Copy the records below exactly, from the line containing "WAG THE DOG" through the last line, and leave out every picture.

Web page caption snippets
================================

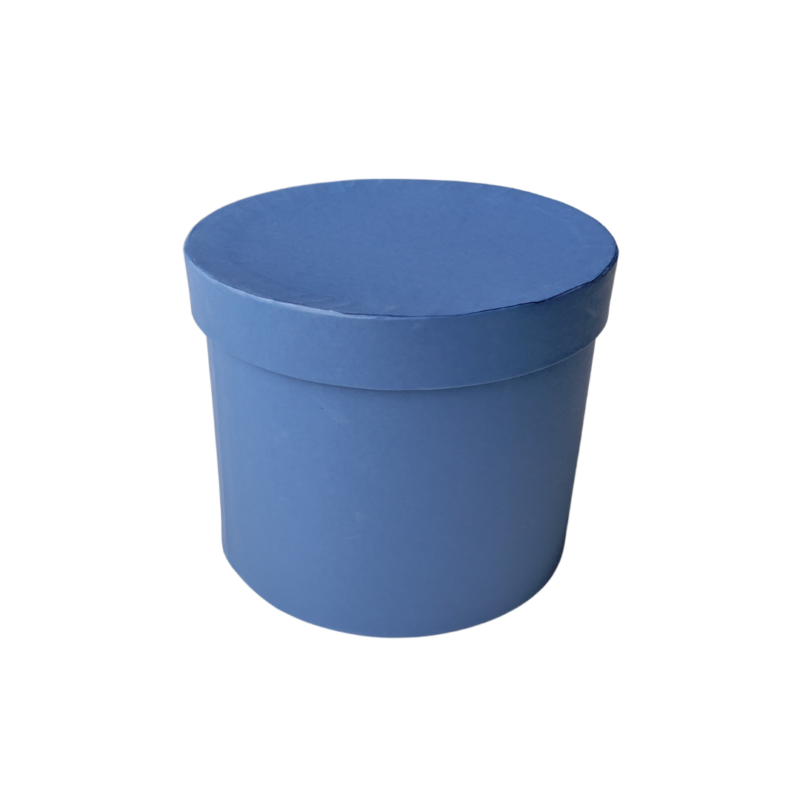 Caixa Box M Azul Escuro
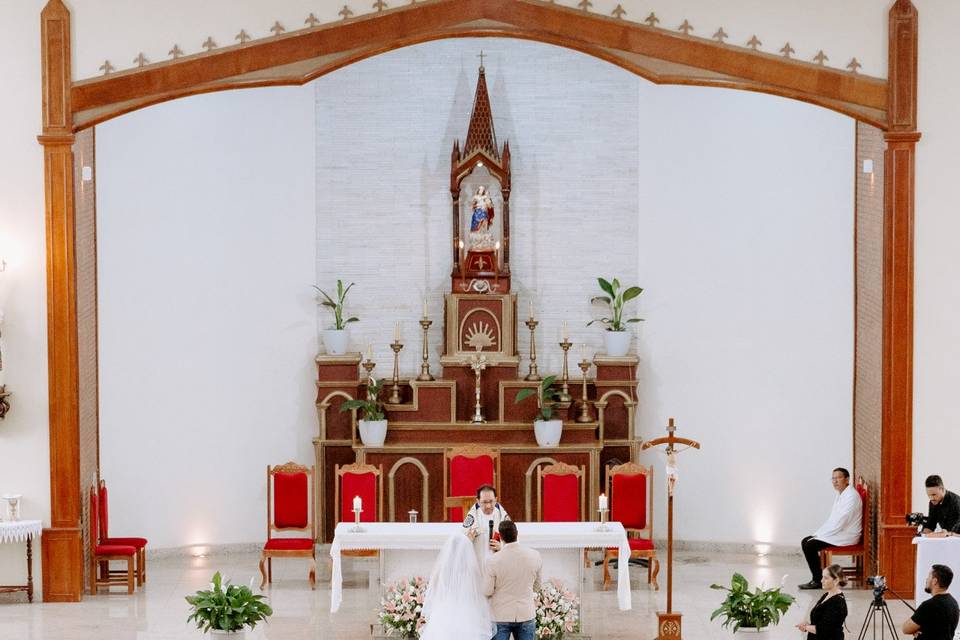 Cerimonia de casamento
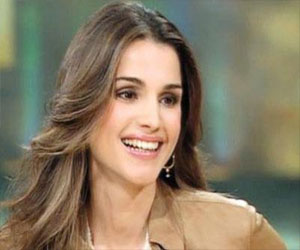   مصر اليوم - وصول ملكة الأردن على متن طائرة خاصة مطار القاهرة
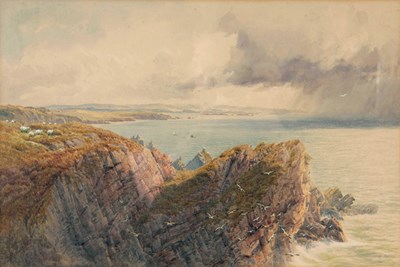 Lot 706 - JOHN MOGFORD 1821 -1885 WATERCOLOUR Scottish...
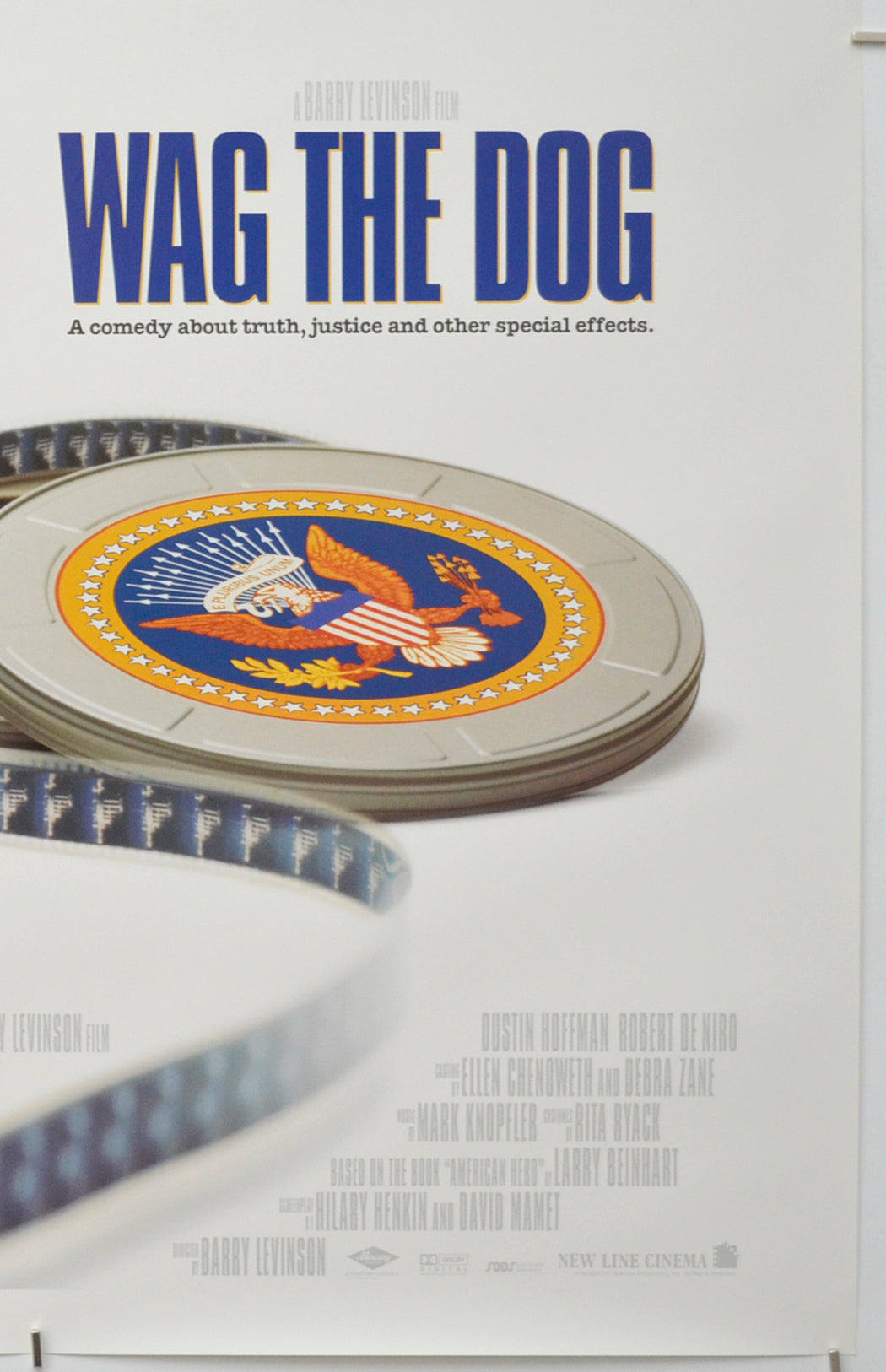 WAG THE DOG (Bottom Right) Cinema One Sheet Movie Poster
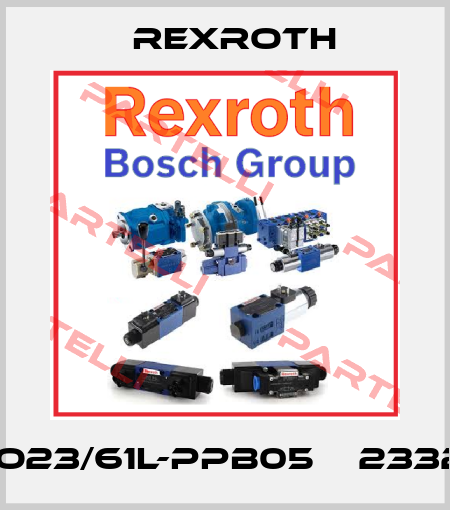 A2FO23/61L-PPB05　№23321741 Rexroth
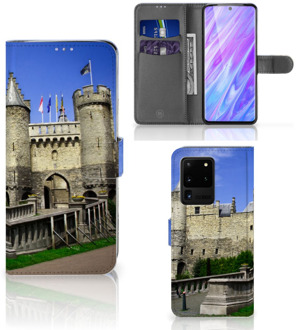 B2Ctelecom Flip Cover Samsung Galaxy S20 Ultra Kasteel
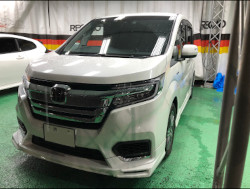 HONDA�@�X�e�b�v���S���@RP5�@�Ɂ@RECARO�i���J���j�@SR-7F�@GU100�@BK�@����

================================

### Response to the exercise:
 WAG THE DOG (Bottom Right) Cinema One Sheet Movie Poster
 A2FO23/61L-PPB05　№23321741 Rexroth
 B2Ctelecom Flip Cover Samsung Galaxy S20 Ultra Kasteel
 HONDA�@�X�e�b�v���S���@RP5�@�Ɂ@RECARO�i���J���j�@SR-7F�@GU100�@BK�@����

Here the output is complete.